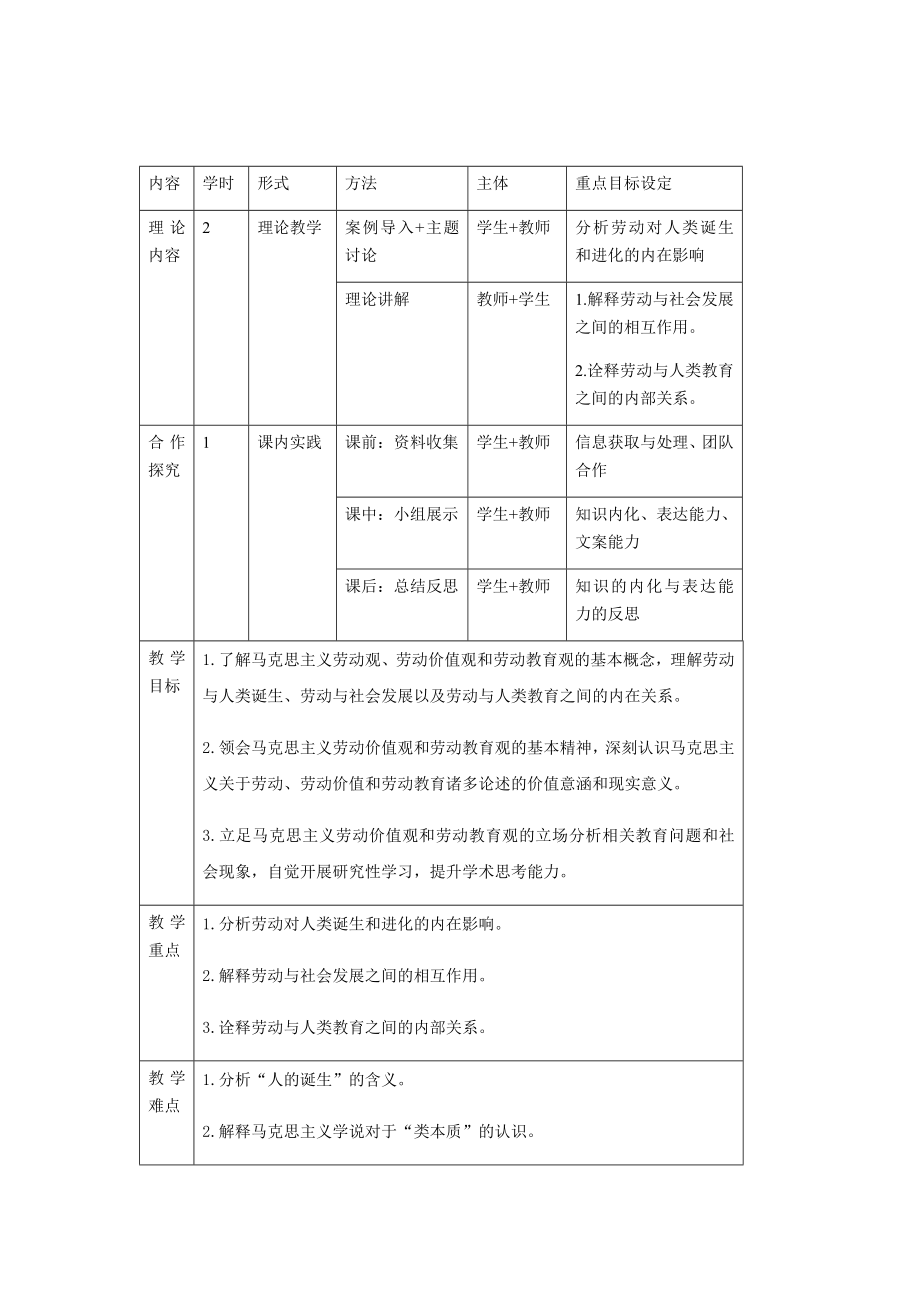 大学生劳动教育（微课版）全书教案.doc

--

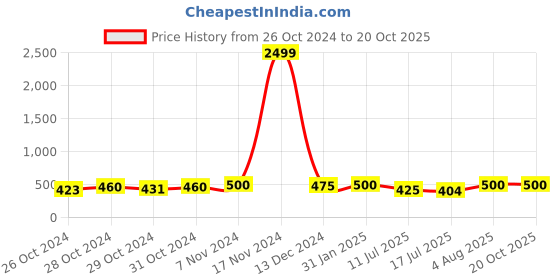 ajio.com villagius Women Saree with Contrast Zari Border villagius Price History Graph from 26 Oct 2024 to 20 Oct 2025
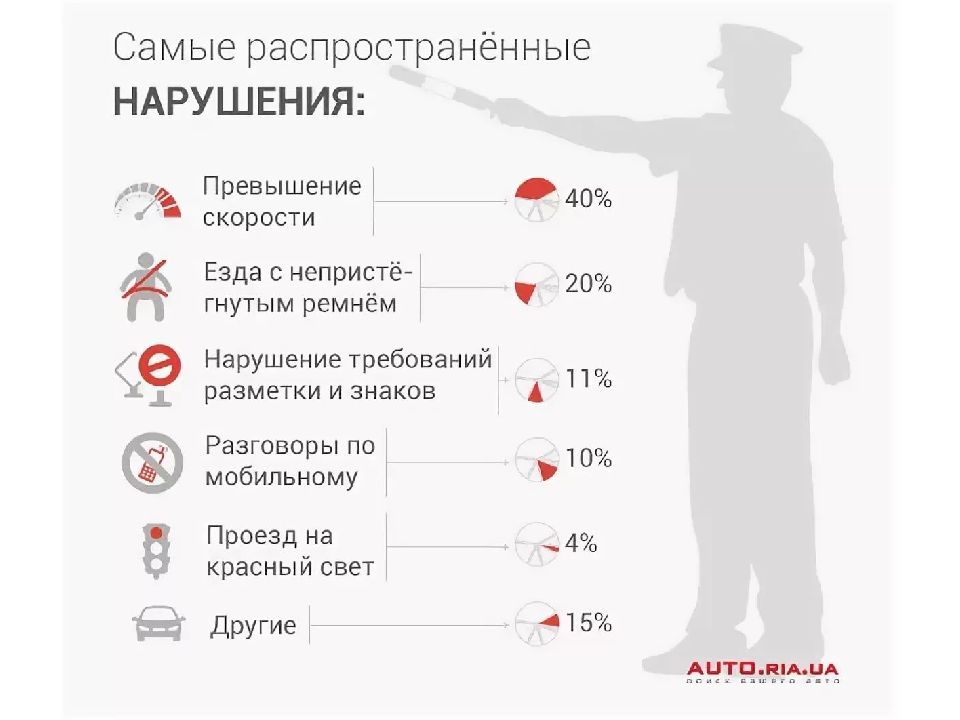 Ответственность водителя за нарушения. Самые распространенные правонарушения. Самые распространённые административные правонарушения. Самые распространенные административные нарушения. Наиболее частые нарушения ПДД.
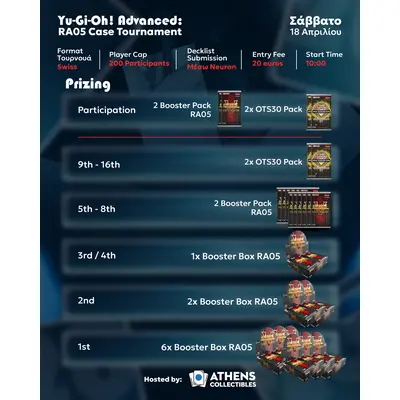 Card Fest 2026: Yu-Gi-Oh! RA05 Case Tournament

◆ **Exercise**
Look through the listing above for the line with "Ответственность водителя за" and the line with "Card Fest 2026: Yu-Gi-Oh!". Write out exactly those lines and everything between, leaving out pictures.

◆ **Answer section**
 Ответственность водителя за нарушения. Самые распространенные правонарушения. Самые распространённые административные правонарушения. Самые распространенные административные нарушения. Наиболее частые нарушения ПДД.
 Card Fest 2026: Yu-Gi-Oh! RA05 Case Tournament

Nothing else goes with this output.